## ASSIGNED TASK:
Report each line of the entries below that has the word "Image" in it.

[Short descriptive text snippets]
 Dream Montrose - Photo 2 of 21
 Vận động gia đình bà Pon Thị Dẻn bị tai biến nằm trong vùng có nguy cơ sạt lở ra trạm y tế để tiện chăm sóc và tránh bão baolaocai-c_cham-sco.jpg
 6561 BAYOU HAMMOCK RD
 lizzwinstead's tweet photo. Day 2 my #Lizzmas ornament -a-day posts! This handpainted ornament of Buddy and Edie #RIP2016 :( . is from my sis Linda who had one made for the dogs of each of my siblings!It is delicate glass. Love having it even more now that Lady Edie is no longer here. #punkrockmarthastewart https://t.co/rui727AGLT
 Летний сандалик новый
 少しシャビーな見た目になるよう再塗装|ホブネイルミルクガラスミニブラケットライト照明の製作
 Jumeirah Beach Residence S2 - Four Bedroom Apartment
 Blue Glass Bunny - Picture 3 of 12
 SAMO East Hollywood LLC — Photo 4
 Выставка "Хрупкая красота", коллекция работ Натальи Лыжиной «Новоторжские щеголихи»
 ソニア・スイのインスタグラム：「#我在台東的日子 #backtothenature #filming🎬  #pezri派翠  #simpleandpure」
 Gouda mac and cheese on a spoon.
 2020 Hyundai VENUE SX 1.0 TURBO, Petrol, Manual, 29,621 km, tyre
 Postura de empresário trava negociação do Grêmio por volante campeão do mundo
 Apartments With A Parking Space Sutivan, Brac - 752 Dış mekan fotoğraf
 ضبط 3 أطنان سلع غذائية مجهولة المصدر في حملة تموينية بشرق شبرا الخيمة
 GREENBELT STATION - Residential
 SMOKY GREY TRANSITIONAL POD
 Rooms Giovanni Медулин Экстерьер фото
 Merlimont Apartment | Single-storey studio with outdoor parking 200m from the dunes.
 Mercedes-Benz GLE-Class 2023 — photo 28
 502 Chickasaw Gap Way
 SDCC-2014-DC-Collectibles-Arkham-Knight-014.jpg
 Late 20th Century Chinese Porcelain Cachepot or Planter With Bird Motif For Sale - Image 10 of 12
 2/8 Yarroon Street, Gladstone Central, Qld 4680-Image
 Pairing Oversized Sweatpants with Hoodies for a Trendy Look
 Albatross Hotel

## TASK OUTPUT:
 Late 20th Century Chinese Porcelain Cachepot or Planter With Bird Motif For Sale - Image 10 of 12
 2/8 Yarroon Street, Gladstone Central, Qld 4680-Image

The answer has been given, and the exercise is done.